According to the indictment, between June 24, 2011, and June 28, 2011, Kathryn Allen mailed threatening letters containing a white powdery substance to the senators' offices.
She also mailed similar letters to the Hamilton County Correctional Institution, the Hamilton County Health Department, the Hamilton County Tax Collector's Office, the Florida Department of Children and Families, and to three private citizens, according to the indictment.
Field and laboratory testing determined that the white powdery substance was not hazardous.
Prosecutors would not say what the motive was for the nine letters, but said the nine people or agencies that received them are not in danger, and furthermore, the target of the alleged plot was none of them. They would not elaborate.

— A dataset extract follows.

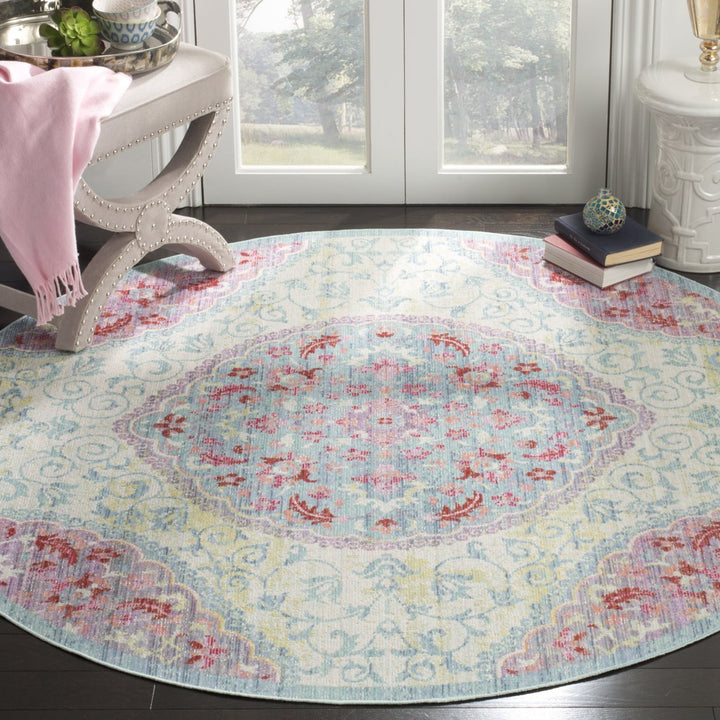 SAFAVIEH Windsor Collection WDS335P Light Grey / Blue Rug Image 2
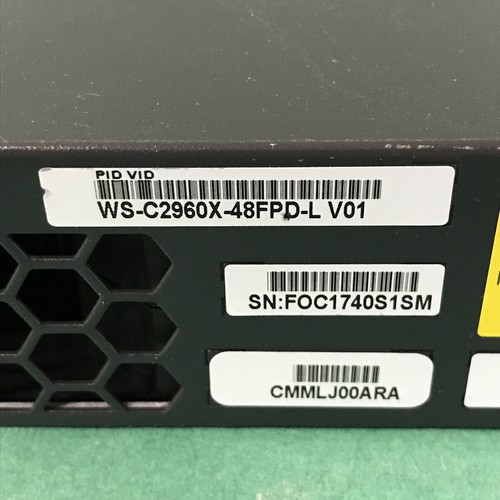 Cisco Catalyst WS-C2960X-48FPD-L V01 48 Port Gigabit Network Switch - Picture 5 of 5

"The fact that this person would send this off under the presumption that it's anthrax is a very serious offense," Channel 4 crime analyst Ken Jefferson said. "Not so much because it was mailed to the senators, but because it was the threat of anthrax is what makes it a federal offense."
Allen was arrested by the FBI on Tuesday morning at her home in Jasper. She made her first appearance in court Tuesday afternoon and was released on $10,000 bail.
Allen's husband said his wife did not send those letters, but would not say anything else.
"Law enforcement did its job. Now it's a legal matter and will be decided in the courts," Nelson's office said in a statement.
"We appreciate law enforcement's diligence in working to apprehend the suspect and helping us continue to serve our constituents," Rubio's office said in a statement.
A tentative trial date of Oct. 1 was set. If convicted on all counts, Allen faces up to 45 years in federal prison.